[Given information Boundary: Start]
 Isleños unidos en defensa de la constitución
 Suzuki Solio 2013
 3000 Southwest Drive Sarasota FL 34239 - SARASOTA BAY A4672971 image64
[Given information Boundary: End]
Brief:
The data above should be reproduced in full, word for word.

Exercise answer:
 Isleños unidos en defensa de la constitución
 Suzuki Solio 2013
 3000 Southwest Drive Sarasota FL 34239 - SARASOTA BAY A4672971 image64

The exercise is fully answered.